A proliferation of ambitious projects, but does France risk missing the boat? 

If the Turkish and American industrial dynamics seem to be the most advanced on this subject, certain projects deserve to be highlighted. Launched in 2020, the drone swarm project by the South Korean company Hanwha is particularly avant-garde. Once development is complete, a group of artificial intelligence (AI) -based unmanned vessels will be deployed to South Korea's coastal areas to patrol and counter invading forces. These ships connected by wireless networks will also be able to search for mines.[11] Israel's experience in this area is also notable and the Seagull, an autonomous light ship since 2016, has also been fitted with Leonardo torpedoes, further strengthening its capabilities for action.[12]

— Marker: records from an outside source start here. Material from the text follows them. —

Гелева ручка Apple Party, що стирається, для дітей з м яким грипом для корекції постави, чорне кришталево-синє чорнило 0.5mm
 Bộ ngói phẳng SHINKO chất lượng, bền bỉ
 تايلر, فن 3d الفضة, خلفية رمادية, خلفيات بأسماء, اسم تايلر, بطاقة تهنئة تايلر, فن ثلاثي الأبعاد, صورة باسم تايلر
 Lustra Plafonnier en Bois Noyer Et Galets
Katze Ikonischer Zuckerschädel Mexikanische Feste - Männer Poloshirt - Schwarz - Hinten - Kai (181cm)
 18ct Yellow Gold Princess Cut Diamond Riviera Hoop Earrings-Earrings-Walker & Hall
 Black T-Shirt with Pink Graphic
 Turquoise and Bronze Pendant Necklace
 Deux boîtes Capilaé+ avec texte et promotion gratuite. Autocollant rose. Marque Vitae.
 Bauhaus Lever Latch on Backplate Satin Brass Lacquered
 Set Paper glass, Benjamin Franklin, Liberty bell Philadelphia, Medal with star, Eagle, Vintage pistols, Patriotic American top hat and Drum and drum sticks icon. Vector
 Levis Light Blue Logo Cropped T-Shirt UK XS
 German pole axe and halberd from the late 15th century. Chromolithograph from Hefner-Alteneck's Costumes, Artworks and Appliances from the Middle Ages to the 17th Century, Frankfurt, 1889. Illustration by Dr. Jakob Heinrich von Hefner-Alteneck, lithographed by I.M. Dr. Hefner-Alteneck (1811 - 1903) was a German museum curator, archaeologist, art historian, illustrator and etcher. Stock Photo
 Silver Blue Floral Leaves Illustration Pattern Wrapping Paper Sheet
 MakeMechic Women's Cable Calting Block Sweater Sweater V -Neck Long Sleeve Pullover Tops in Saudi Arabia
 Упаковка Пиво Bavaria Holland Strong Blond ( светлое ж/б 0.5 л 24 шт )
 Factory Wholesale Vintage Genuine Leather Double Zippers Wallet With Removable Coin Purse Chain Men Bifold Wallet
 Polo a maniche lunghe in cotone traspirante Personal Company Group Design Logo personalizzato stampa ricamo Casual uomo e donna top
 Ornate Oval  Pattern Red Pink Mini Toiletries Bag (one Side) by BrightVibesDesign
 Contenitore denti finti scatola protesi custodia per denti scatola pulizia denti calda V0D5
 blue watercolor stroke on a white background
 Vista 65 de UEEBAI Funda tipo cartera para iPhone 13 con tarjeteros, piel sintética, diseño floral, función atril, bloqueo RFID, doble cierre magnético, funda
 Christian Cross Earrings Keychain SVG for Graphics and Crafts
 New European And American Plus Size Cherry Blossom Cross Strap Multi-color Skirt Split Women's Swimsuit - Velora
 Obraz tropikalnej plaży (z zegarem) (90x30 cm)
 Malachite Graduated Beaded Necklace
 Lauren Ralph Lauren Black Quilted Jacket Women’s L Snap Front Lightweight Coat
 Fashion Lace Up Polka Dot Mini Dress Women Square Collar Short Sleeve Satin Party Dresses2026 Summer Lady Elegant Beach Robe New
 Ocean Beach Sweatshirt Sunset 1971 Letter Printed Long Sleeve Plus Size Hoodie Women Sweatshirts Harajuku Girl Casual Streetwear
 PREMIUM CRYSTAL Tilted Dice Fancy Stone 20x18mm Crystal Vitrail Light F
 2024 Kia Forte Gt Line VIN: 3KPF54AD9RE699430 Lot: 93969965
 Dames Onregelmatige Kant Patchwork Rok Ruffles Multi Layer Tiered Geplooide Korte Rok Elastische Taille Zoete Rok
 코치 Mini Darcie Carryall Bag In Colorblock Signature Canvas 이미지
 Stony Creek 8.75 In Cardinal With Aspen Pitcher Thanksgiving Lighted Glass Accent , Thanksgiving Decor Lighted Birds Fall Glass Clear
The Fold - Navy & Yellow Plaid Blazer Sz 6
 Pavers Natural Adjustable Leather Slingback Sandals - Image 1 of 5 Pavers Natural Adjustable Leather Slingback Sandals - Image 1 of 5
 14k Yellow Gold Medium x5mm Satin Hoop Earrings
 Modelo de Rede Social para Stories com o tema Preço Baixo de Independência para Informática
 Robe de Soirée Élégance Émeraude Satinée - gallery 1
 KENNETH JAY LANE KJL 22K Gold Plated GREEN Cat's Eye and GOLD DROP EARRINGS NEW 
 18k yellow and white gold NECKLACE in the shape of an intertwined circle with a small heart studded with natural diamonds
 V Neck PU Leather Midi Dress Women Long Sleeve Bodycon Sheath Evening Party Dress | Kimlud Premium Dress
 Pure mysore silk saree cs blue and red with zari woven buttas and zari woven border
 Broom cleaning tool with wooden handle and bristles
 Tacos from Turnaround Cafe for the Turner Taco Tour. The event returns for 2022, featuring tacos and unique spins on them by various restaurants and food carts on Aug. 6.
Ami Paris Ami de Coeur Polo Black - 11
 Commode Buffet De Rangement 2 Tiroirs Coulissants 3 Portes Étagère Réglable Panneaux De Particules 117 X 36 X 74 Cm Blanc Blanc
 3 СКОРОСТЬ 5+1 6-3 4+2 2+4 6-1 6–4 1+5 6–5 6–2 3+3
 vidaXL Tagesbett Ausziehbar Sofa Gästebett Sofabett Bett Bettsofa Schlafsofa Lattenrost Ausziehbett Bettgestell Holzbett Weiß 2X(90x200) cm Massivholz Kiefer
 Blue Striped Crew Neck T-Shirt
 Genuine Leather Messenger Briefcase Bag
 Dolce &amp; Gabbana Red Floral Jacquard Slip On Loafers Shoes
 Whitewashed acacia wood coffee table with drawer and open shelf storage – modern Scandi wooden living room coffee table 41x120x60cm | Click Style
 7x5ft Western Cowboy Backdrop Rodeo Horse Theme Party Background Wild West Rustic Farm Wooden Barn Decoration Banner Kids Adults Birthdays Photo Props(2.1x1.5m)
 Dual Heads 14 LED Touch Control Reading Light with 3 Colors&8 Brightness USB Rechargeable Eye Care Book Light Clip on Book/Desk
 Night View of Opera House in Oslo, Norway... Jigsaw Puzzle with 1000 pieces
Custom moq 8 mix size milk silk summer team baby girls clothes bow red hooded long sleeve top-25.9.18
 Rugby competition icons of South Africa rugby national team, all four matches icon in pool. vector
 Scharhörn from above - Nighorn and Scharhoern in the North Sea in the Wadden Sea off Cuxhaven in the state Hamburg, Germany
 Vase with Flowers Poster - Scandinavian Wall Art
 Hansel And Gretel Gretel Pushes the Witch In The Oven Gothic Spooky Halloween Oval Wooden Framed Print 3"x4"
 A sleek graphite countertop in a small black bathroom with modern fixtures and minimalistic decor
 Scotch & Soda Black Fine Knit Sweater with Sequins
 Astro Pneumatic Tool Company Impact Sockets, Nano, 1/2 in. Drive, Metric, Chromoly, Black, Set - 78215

South Korean plump Hanwha program relies on swarm of small USVs acting as a swarm

For European industries, the projects seem much fewer and important. The French have developed two naval drones, namely the IXblue Drix, for hydrographic and oceanic research, and the USV inspector 125 of the company ECA.[13] The latter project is suitable for a series of defense and security operations such as anti-submarine warfare, oceanographic studies, intelligence, surveillance and reconnaissance, or mine action. The versatility of such a vessel offers a plethora of possibilities, but let us keep in mind that this platform is derived from the so-called V2 NG lifeboats in service at the Société Nationale de Sauvetage en Mer (SNSM) for ten years.[14] In other words, this ship is not oriented combat and support of the forces. the recent Naval Group project on an oceanic underwater drone is innovative and can differentiate the French industrialist and support the increase in competence of the French navy. It should also be remembered that, in the field of mine warfare, Thales and Naval Group are both engaged in programs making extensive use of naval drones, respectively for the French Navy in cooperation with Great Britain, and for the Belgian navies and Dutch in cooperation with the ECA group and its Belgian subsidiary ECA Robotics,

Naval Group's underwater drone program offers important operational and commercial perspectives

On the other hand, the arming of the USV is a trend which seems to be confirmed, as the Turkish, American and Israeli projects suggest. Especially since if we keep in mind the return to high intensity, it is essential to increase the firepower of the French Navy. In a recent article published in the journal Conflits, Alexis Feertchak thus engaged in an accounting exercise of all the vertical launch systems of the National Navy, according to which 'all the French frigates currently total 320 silos, there or China lines more than 3000 ports and Japan, about 1800.[15] Consequently, the American vision which consists in using the USV as remote detectors, but also as effectors carrying additional weapon systems can make sense in the French context, and more broadly in Europe. It is probably necessary to humbly look at the recent, and more generally European, delay in a certain number of technologies, like the MALE combat drones, and not to repeat the same mistakes made in this area. In all likelihood, indeed, unmanned ships will play a crucial role in future conflicts and, once again, tomorrow's independence is being played out now.